◆ What you are asked to do ◆
Print out all of the records exactly; no picture belongs in the result.

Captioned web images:
────────
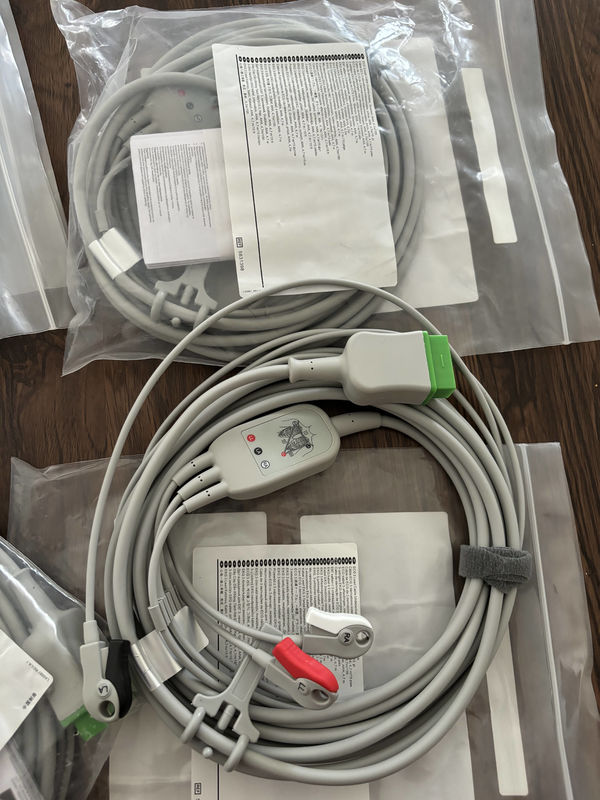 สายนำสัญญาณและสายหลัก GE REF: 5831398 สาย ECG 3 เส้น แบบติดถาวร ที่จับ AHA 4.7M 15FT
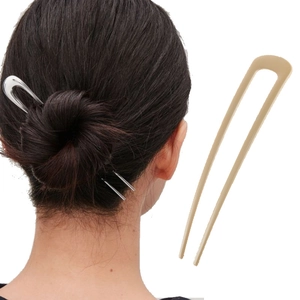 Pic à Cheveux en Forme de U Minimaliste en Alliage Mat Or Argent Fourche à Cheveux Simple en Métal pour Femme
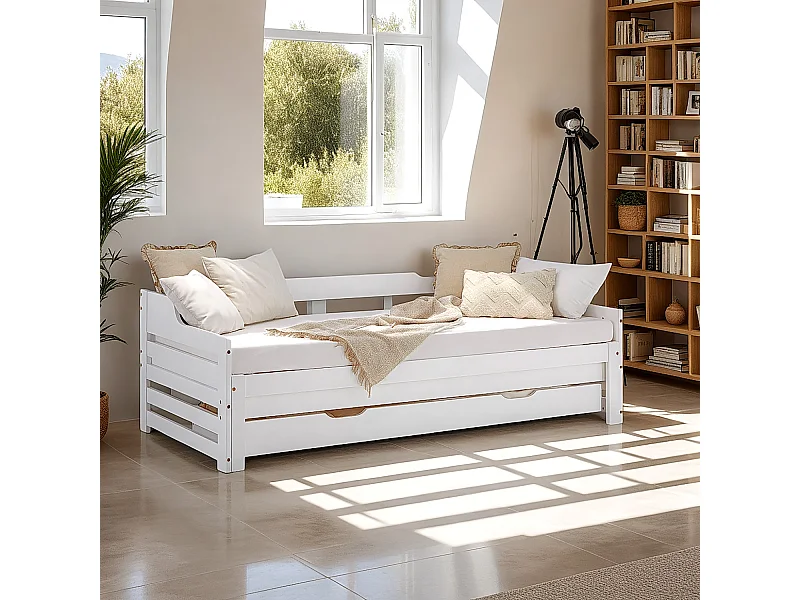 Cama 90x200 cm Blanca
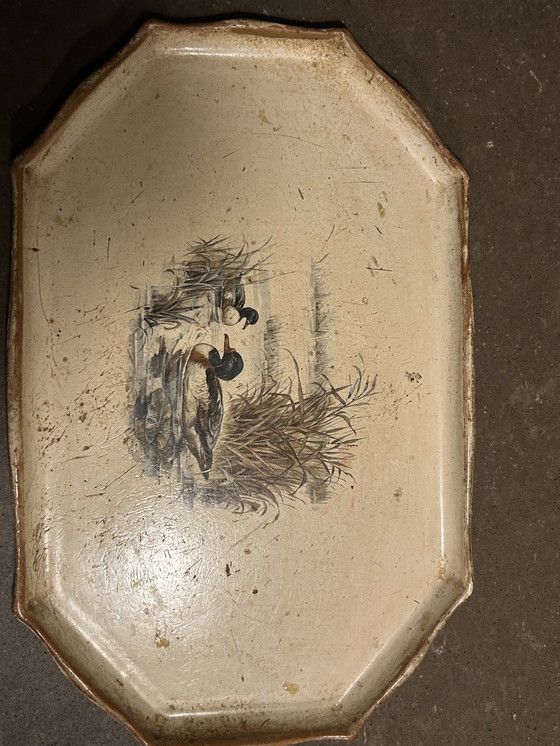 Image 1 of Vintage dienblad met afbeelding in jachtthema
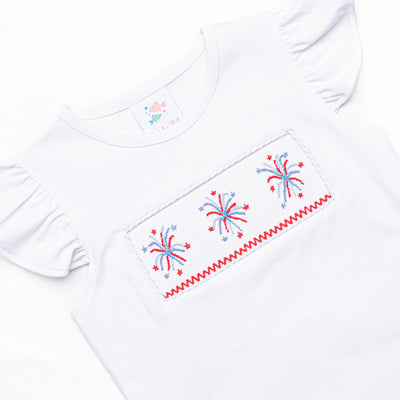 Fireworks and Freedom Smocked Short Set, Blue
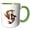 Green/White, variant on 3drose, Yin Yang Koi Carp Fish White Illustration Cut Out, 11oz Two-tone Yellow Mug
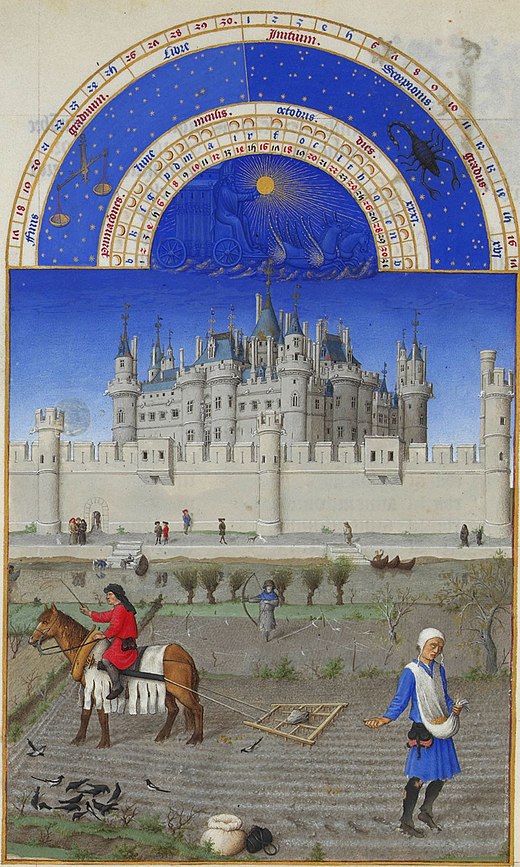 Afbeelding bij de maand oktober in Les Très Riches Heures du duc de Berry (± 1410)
────────
◆ Solution below ◆
 สายนำสัญญาณและสายหลัก GE REF: 5831398 สาย ECG 3 เส้น แบบติดถาวร ที่จับ AHA 4.7M 15FT
 Pic à Cheveux en Forme de U Minimaliste en Alliage Mat Or Argent Fourche à Cheveux Simple en Métal pour Femme
 Cama 90x200 cm Blanca
 Image 1 of Vintage dienblad met afbeelding in jachtthema
 Fireworks and Freedom Smocked Short Set, Blue
 Green/White, variant on 3drose, Yin Yang Koi Carp Fish White Illustration Cut Out, 11oz Two-tone Yellow Mug
 Afbeelding bij de maand oktober in Les Très Riches Heures du duc de Berry (± 1410)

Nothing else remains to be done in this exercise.